In the pursuit of innovation, present-day banking institutions are committed to enhancing their technological capabilities while concurrently safeguarding the value of their technology platforms. This value is intricately gauged across three dimensions: quality, cost and speed. Recognising that software defects decrease software quality and subsequently diminish the value of software systems, the need for a robust software testing approach seems to be straightforward. The purpose of a sound quality assessment strategy, however, transcends mere defect elimination, aiming for improvements across the entire quality, cost and speed triad: efficient defect detection through augmented coverage, cost reduction via end-to-end automation and accelerated time-to-market facilitated by expedited test execution, results interpretation and reporting.

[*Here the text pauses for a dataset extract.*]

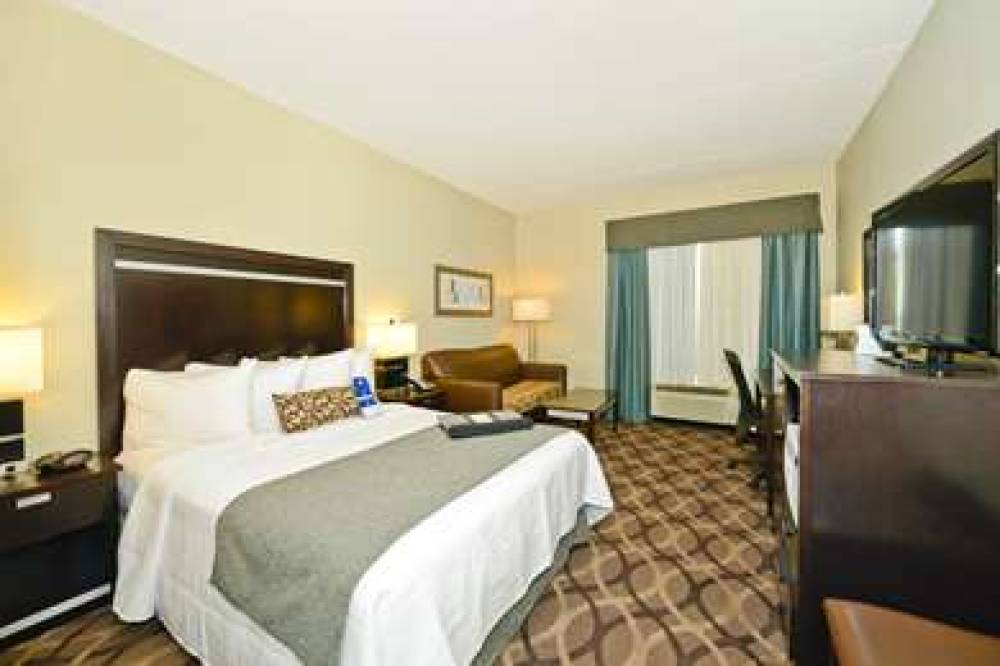 Best Western Plus Travel Hotel Toronto Airport 1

To increase the value of a technology platform, one should, thus, aim for software quality assessment techniques that enable faster, cost-effective and more efficient testing processes.

Software testing is a process of empirical technical exploration of the system under test (SUT) with the intent of finding and describing defects. The task of software testing consists of several steps: selecting a subset of possible actions to interact with a system, executing them and observing and interpreting the outcome.

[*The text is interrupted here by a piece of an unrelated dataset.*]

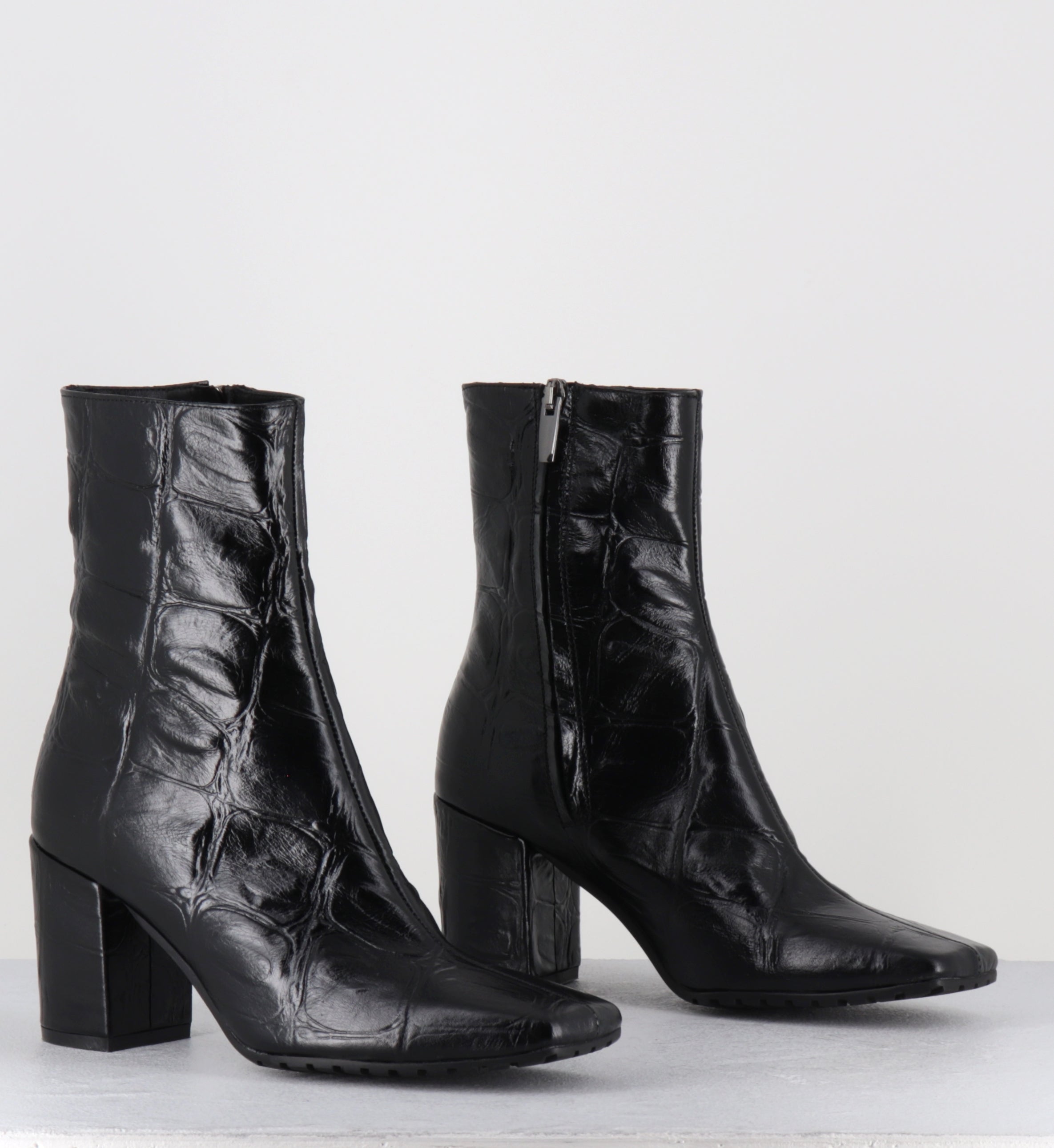 Bottines croco rouge bout carré - SANDRI COCCO NERO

With modern CI/CD (continuous integration and continuous delivery) pipelines, it is easy to minimise human involvement in the execution part. Automating higher-level cognitive functions, such as test idea generation or results evaluation is, of course, a less straightforward task. Figure 1 illustrates the software testing cycle from the perspective of the constituent tasks and associated cognitive effort.

With new technologies on the rise, the tasks involved in the testing pipeline can be automated (fully or partially, at least on the recommendations level) through the adoption of various AI techniques at different stages of the software testing cycle. To do that, one should tread carefully and differentiate between the techniques to be used at different stages. For example, one may use supervised learning for failure categorisation, reinforcement learning for root cause prediction or unsupervised learning for feature extraction (for more examples, see Sogeti’s State of AI Applied to Quality Engineering 2021–22 Report¹⁹). As for most recent approaches such as GenAI, it is important to understand their benefits and limitations in relation to a particular task. While it is hardly useful at the test execution phase, which is relatively easy to automate, the GenAI-assisted approach proves beneficial for the task of generating thousands of test scenarios and their data point permutations; conversely, for the task of test library optimisation, one might prefer symbolic AI techniques to use as rule-based discriminative mechanisms for selecting the most performing test scripts out of an extensive annotated test library.

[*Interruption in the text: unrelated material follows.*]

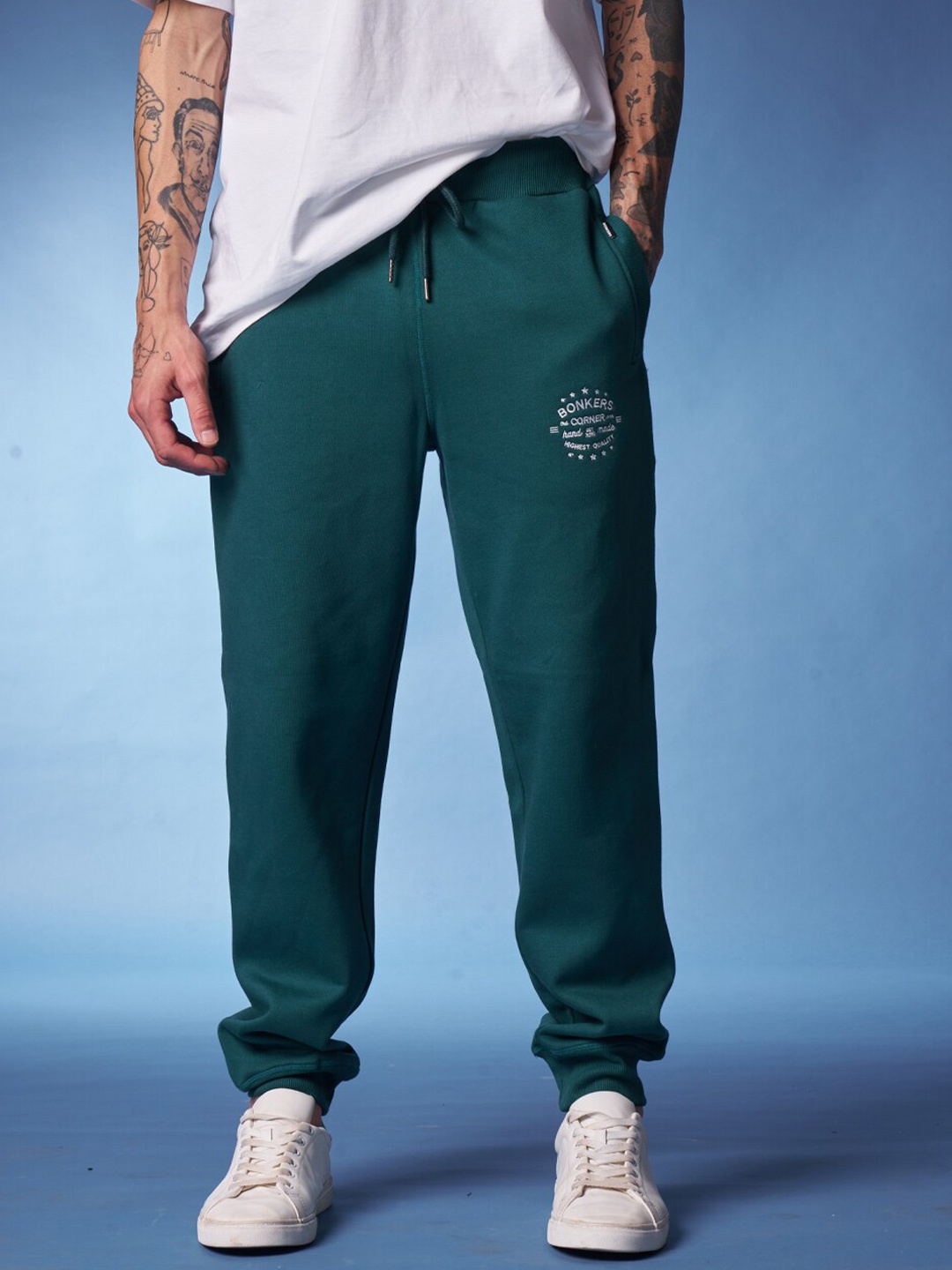 

Bonkers Corner Men Mid-Rise Joggers, Green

High-level architecture of an AI-based test automation framework for an investment banking technology platform

Fig.1 – High-level architecture of an AI-based test automation framework
for an investment banking technology platform

Test automation framework for AI-driven test optimization

Different cognitive levels of tasks within the software testing life cycle dictate to separate the corresponding modules of the test automation framework. In this paper, we propose a framework that illustrates this principle by distributing the task between several components: a model, an injector tool and a test library.

A model is a digital twin of an SUT. It captures the logic of system process flows, equivalence classes of data, protocol rules and message structures. Its main purpose in the proposed test approach is twofold:

Input generation: Based on simple template test scenarios, the model is used to generate full-fledged test scenarios that contain not only test actions and the sequence of steps but also the data values that will be part of the transactional messages formed at later stages.
Expected output prediction: Based on the logic inside it, the model takes the input data and calculates the expected output, to be later compared with the actual output from the SUT.

An injector tool is a test harness that sends protocol-formatted transactional data into the SUT. The main purpose of the tool is to mimic life-cycle actions that are typical for:

internal processes within a bigger banking technology infrastructure (those involving data flows from/to upstream and downstream systems), or
external processes triggered by external entities and data feeds.

In addition to these, the requirements to the tool might include support for various protocols and APIs to establish connectivity to multiple gateways of the SUT, a possibility to configure the rate of message injection (controlling transactional load) and a capability of capturing system traffic and storing it in a unified format suitable for smart analytics.

A test library is a collection of automated test scripts used at different stages of the software testing life cycle. It is not a static construct, however, but rather a constantly evolving dataset containing data representations capturing test scenarios.

The main logic behind test scenarios reflects the functionality of the banking subsystem being tested. For example, if we evaluate the quality of a payment system, test scenarios should cover various parameters of a payment instruction, specific equivalence classes of the values within a Swift ISO 20022 message and the sequence of system actions around particular messages, checking not only message formation correctness but also ensuring that system actions in the messages sent to the SUT result in correct system state transitions.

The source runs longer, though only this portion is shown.